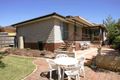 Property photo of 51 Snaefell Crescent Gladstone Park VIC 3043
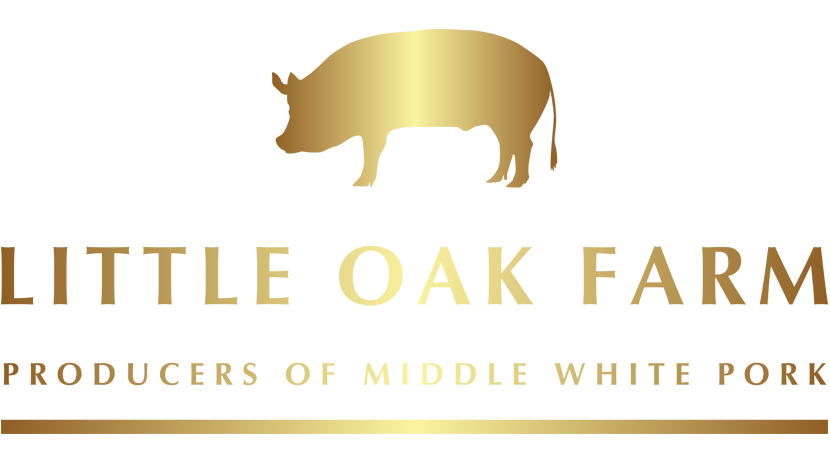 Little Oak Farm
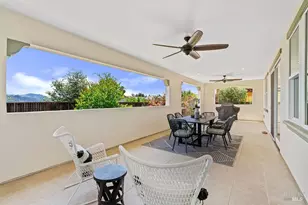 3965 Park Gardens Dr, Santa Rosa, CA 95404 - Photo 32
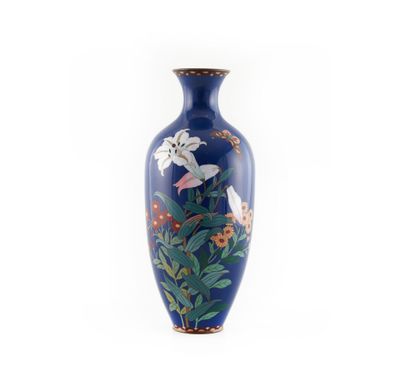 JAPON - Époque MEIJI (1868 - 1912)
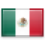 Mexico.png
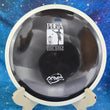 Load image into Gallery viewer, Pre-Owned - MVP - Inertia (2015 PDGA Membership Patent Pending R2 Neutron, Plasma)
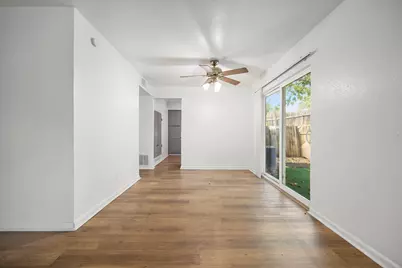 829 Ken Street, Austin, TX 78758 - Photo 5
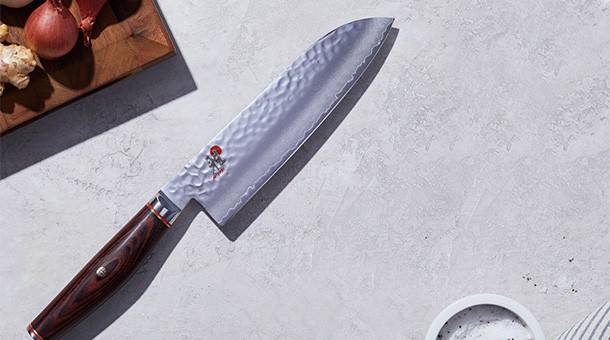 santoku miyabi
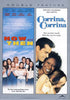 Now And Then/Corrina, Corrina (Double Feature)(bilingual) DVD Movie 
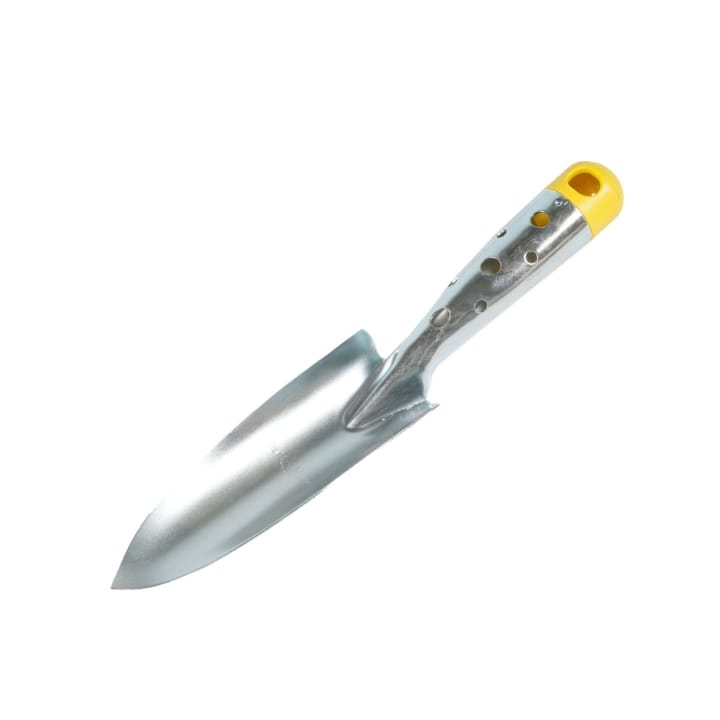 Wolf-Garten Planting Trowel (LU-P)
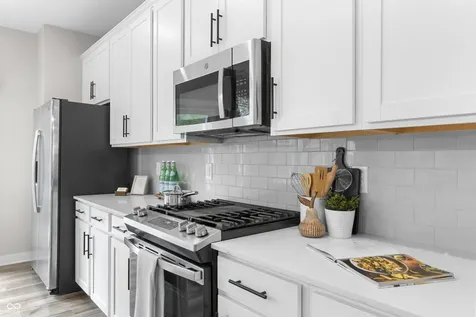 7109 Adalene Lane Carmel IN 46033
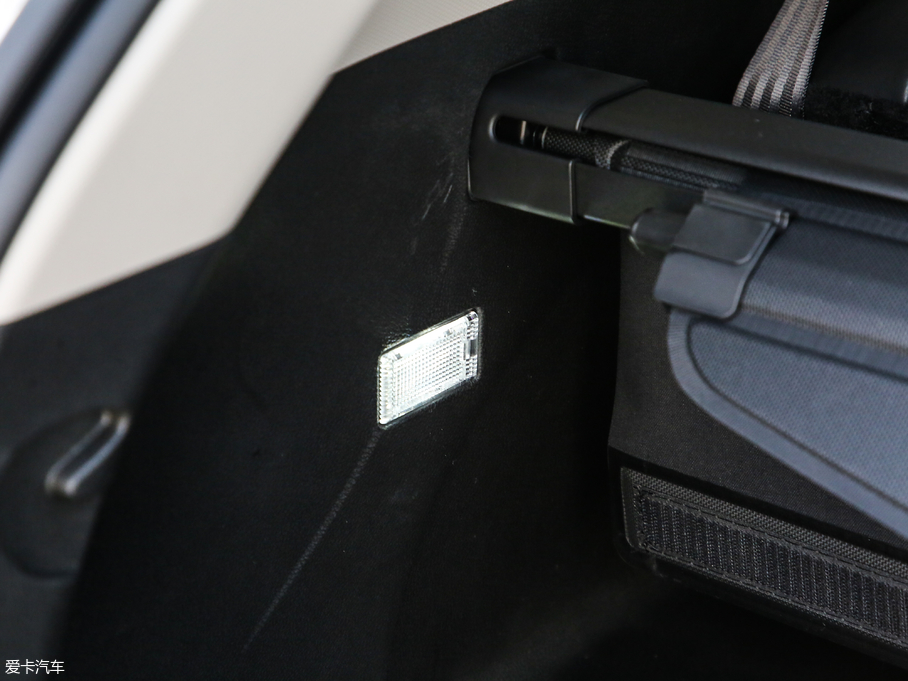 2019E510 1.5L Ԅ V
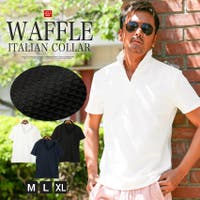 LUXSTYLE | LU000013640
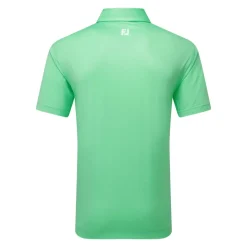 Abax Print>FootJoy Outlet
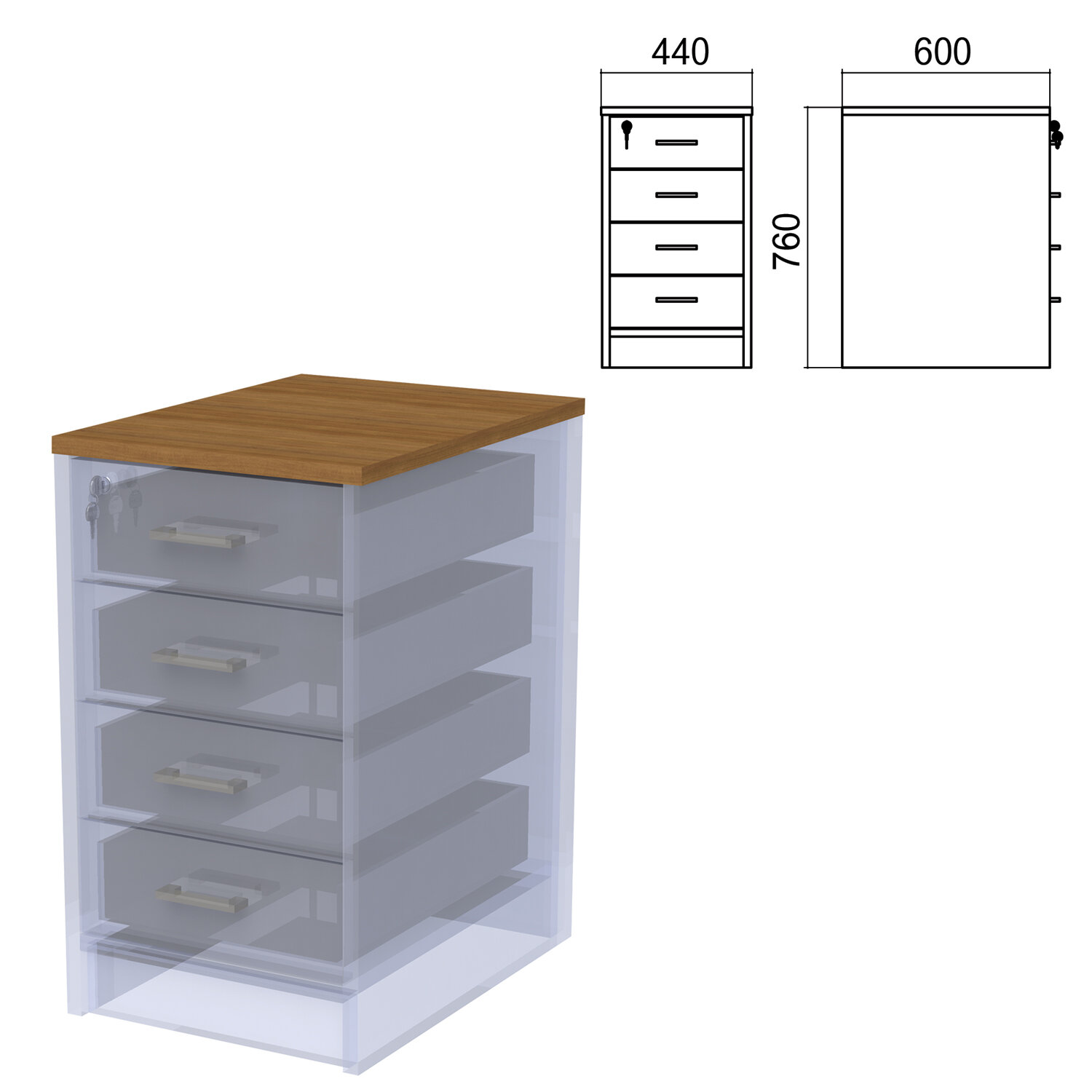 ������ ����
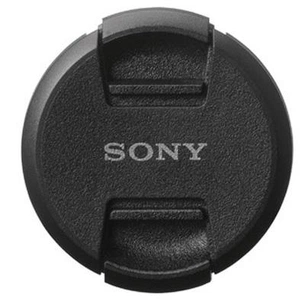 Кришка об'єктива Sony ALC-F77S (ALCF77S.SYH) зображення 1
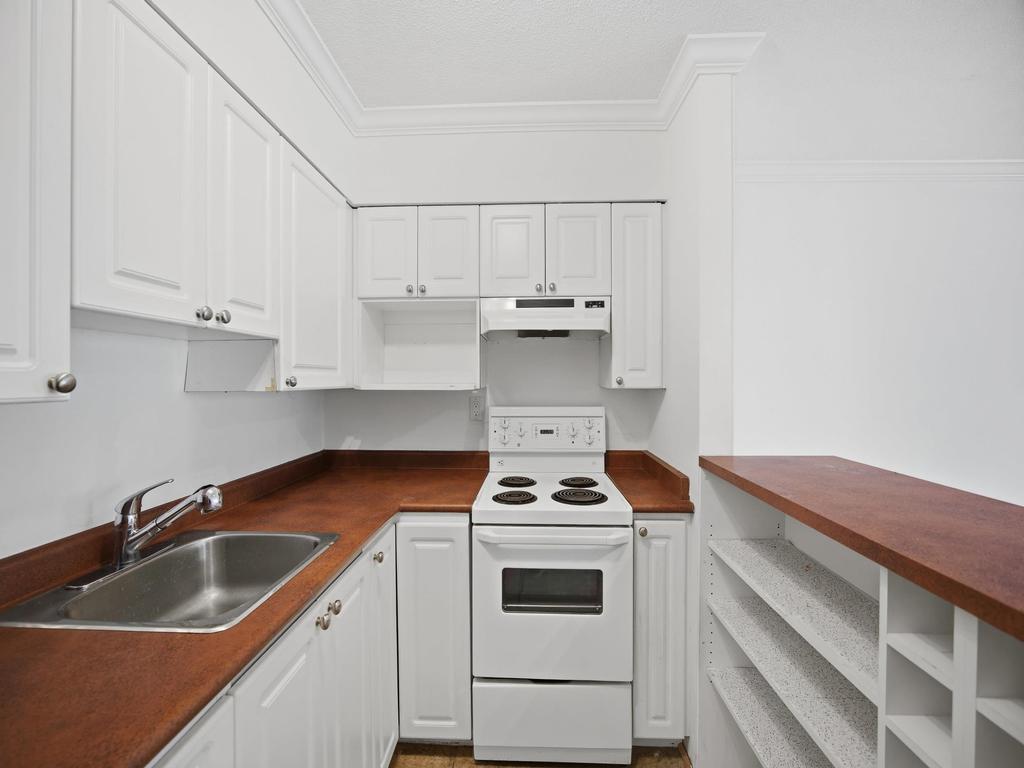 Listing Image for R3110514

● **Exercise requirements**
The required output is the lines from the one containing "829 Ken Street, Austin, TX 78758 - Photo 5" through the end of the records above, reproduced exactly, with no pictures.

● **The completed task**
 829 Ken Street, Austin, TX 78758 - Photo 5
 santoku miyabi
 Now And Then/Corrina, Corrina (Double Feature)(bilingual) DVD Movie 
 Wolf-Garten Planting Trowel (LU-P)
 7109 Adalene Lane Carmel IN 46033
 2019E510 1.5L Ԅ V
 LUXSTYLE | LU000013640
 Abax Print>FootJoy Outlet
 ������ ����
 Кришка об'єктива Sony ALC-F77S (ALCF77S.SYH) зображення 1
 Listing Image for R3110514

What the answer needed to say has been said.